We don’t know exactly how to place María. She is well educated but not rich; appealing but awkward. In the second chapter, she becomes pregnant. Later we learn that she has given birth to a daughter, and we read about some friends, an uncle, an aristocratic mother and a husband who has chemotherapy in a hospital where a sex worker walks the corridors. Near the end of the book, María is also diagnosed with cancer, which comes as ‘a relief’ after two years of feeling that ‘something was wrong inside me.’ But this information is presented in fragments dispersed throughout the novel; there is little connective tissue between the events described; explanatory information is scant. Gainza isn’t interested in the usual propulsive features such as plot or character arc. As the title suggests, Optic Nerve is concerned with perspective and, in particular, about what the act of looking can reveal about the spectator. The form and rhythm of the novel are shaped by María’s fluctuating attention. Each chapter considers a painting, circling out from and around it through a series of associations, taking in stories from art history, scenarios and counterfactuals imagined by María, and passing thoughts about her own life.

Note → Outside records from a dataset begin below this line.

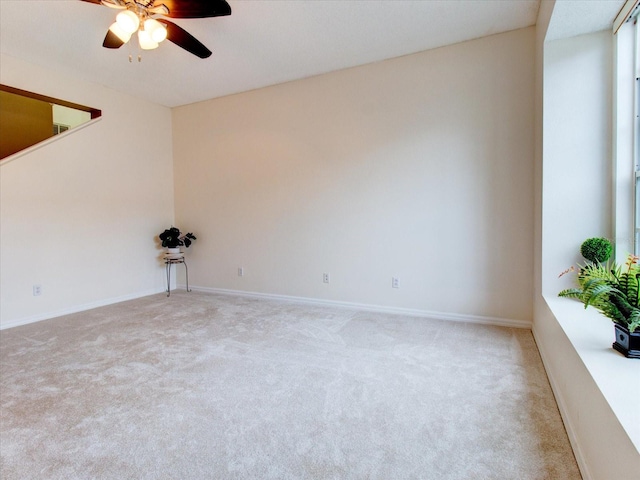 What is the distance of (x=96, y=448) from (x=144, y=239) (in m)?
3.74

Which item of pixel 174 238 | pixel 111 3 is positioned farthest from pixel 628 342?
pixel 174 238

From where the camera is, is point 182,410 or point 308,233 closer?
point 182,410

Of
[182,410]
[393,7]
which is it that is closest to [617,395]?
[182,410]

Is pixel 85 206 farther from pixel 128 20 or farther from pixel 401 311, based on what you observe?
pixel 401 311

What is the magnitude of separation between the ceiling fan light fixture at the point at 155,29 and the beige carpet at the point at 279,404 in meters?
2.40

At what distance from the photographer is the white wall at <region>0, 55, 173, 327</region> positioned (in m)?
3.54

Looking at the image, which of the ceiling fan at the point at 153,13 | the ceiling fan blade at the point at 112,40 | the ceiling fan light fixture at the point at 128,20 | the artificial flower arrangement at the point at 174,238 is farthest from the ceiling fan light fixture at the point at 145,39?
the artificial flower arrangement at the point at 174,238

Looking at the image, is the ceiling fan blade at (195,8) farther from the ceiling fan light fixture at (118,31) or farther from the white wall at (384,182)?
the white wall at (384,182)

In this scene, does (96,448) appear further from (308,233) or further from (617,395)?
(308,233)

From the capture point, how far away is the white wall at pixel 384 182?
3.20 m

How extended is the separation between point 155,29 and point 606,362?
3.25 metres

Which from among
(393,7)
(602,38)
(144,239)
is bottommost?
(144,239)

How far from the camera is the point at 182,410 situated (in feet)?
6.19

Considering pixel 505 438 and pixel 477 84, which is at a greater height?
pixel 477 84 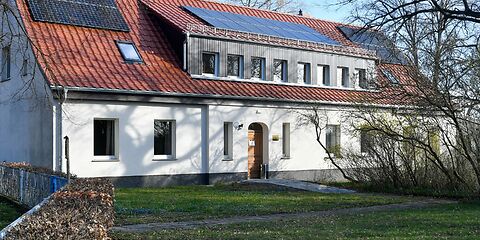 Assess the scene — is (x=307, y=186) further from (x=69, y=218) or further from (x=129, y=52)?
(x=69, y=218)

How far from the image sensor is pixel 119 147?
75.3ft

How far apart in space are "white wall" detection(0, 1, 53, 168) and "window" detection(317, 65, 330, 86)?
523 inches

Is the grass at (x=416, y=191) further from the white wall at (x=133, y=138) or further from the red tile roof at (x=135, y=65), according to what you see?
the white wall at (x=133, y=138)

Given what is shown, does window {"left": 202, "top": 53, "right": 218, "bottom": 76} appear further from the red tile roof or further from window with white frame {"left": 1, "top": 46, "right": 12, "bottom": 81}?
window with white frame {"left": 1, "top": 46, "right": 12, "bottom": 81}

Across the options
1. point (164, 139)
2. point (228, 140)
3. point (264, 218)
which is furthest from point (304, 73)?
point (264, 218)

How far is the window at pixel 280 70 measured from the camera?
28.5 metres

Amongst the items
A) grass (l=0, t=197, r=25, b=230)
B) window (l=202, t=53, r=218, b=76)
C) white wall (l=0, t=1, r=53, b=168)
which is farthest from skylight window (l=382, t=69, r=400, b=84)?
grass (l=0, t=197, r=25, b=230)

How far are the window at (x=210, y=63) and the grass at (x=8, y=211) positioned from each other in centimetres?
1034

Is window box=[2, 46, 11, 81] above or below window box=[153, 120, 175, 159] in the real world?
above

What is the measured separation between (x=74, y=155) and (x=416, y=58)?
11811 mm

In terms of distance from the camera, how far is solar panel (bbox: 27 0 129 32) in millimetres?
23750

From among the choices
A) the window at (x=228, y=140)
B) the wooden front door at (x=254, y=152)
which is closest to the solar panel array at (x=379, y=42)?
the wooden front door at (x=254, y=152)

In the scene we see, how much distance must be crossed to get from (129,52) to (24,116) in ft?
15.3

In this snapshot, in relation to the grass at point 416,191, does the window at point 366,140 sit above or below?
above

In the first chapter, for example, María stands before Alfred de Dreux’s painting Deer Hunt, in which seven hounds surround a stag, its tongue lolling out of its mouth. She thinks it’s ‘fairly conventional’, but it strikes her nonetheless: ‘More than that: it unsettled me.’ She then moves from Géricault’s animal paintings to the 1881 treaty between Argentina and Chile to the story of a university friend whose sister married a Belgian millionaire. While walking through the mud along the perimeter of a hunting reserve, the friend was struck and killed by a stray bullet from the hunt. ‘You write one thing,’ María says, ‘in order to talk about something else.’

Gainza’s idea is that absorption is only one kind of attention: becoming distracted in the course of looking at something might be a sign of meaningful engagement. It’s when María’s mind wanders in front of a painting – or back to a painting – that we learn something interesting about her character. In Hubert Robert’s Archaeological View (1773) a cluster of ordinary people make themselves at home in a ruined temple. ‘Anywhere you look in the painting,’ she says, ‘at the withered tree, or at the starving mule, everything points to endings, or the end.’ Robert’s work seems to connect to the decline of the Argentinian nobility – the class into which Gainza and her narrator were born – over the last half-century. María recalls seeing the painting in the National Museum of Decorative Arts in Buenos Aires, formerly the Errázuriz Palace; her uncle Matías ‘Marion’ Errázuriz, she says, commissioned Josep María Sert to decorate the boudoir.